Umumi manada bakıldığında ahvâl ve havâdis, Allah Rasulü’nün(s.a.v.) haber verdiği bir İslam mucizesini tasdik ediyor; “Allah Azze ve Celle dini, facir bir adamın eliyle de teyid eder.”.

Nasipsiz

Soner Yalçın’ın birkaç yazısını okuyunca zihnimde içinde kokmuş et olan bir kavanozu yalayarak karnının doyacağını zanneden bir varlık canlandı. Fakat bu adam amuda kalktığından, bizden duyduğu ya da öğrendiği her ne varsa ağzından kin, nefret, yalan ve iftira olarak akıyor. Her ne alırsa alsın, ne okursa okusun sanki hazmı, midesi değil de, ağzı ve kalemi yapıyor…. Nasipsiz bir adam…

İftiraname

Malum Editor, Kemalist kadronun düşük profilli bir muhbiri olmaktan öte bir meziyete sahip değil; Fikir haysiyeti sıfır, iftira kabiliyeti yüz… Erken dönem Kemalistleri kendilerince İslam’ı tahkir ve tezyif masalı inşa etmiş, senaryolar yazmış, memleket düşmanı olarak gösterdikleri vatanperver Müslümanları evlerinde “Elif-Ba” okuttuklarından dolayı “mürteci” ilan edip zindanlara atmışlardı. Soner Yalçın, tam da ilk Kemalistlerin durduğu yerde duruyor.

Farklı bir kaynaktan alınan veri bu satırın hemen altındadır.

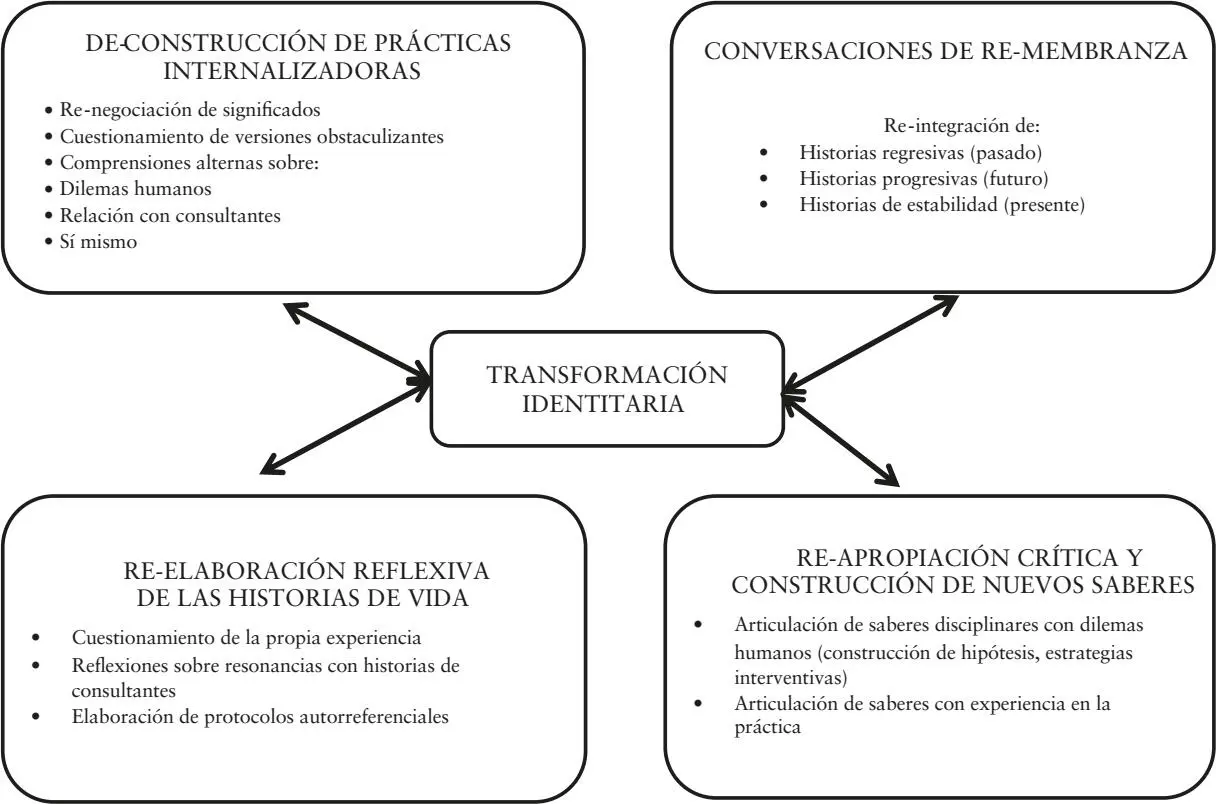 Figura 1 Posibilidades de conversación generativa en supervisión Para - фото 4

Atalar yoluna bağlı, tam bir gelenekçi… Bir adımlık bir mesafe kat edememiş… Yeni bir şey ortaya koyamamış. Adına yazı dediği “iftiraname”yi oradan bir cümle, buradan bir cümle araklayıp, aradan bazı kelimeleri de hazf ederek terkip etmiş… Sonuç, yüzyıllık “irtica”, mürteci” masalının basit bir kopyası… Bir müsvedde lakin altı kaval, üstü şişhane.. Bu soydan gelenlerde bir tane bir şey üretecek, yol açacak, ataları taklit marazından kurtulacak fikir namusu haysiyetine sahip bir adam çıkmayacak mı?! Hani “din” sizi geri bırakmıştı; “İslam mani-i terakkiydi.”. Yüz yıldır Devletin idaresinde İslam yok. Muasır medeniyet seviyesini niye yakalayamadınız. İlimde bir Ebussuûd, sanatta bir Baki, fende Ali Kuşcu, Denizde bir Barbaros, siyasette bir Fatih çıkardınız da biz mi göremedik ya da buna İslam mı mani oldu?!

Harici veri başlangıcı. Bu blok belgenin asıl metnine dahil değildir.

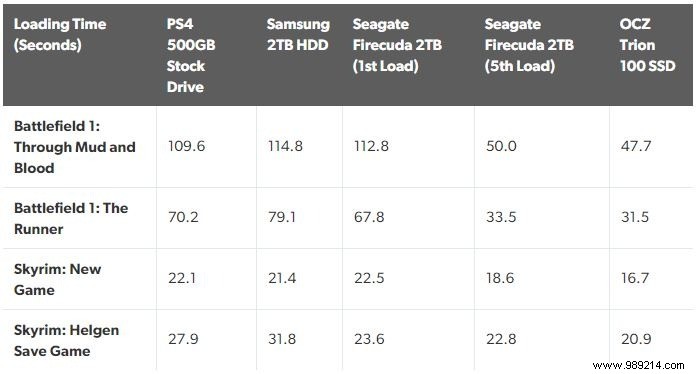 SSD vs. SSHD: Are Hybrid Drives Still Worth It?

Kilise Ahlakı, İngiliz Aklı

Nedendir bilinmez. İblis, Anadolu coğrafyasına atadığı kadrosunun hareket ve hakaret planlarını güncellemiyor. Bu yüzden Kemalistler Batı’nın, İslamcı Modernistler de Mısır ve Hint coğrafyasının bit pazarı olmaktan sıkılmıyor… Kendilerine aitmiş gibi gösterdikleri bütün sebbiyeler, ithamlar, iftiralar ya Kilise ahlakının kirlettiği Batı’ya ya da İngiliz aklının mayaladığı Hint-Mısır coğrafyasına ait…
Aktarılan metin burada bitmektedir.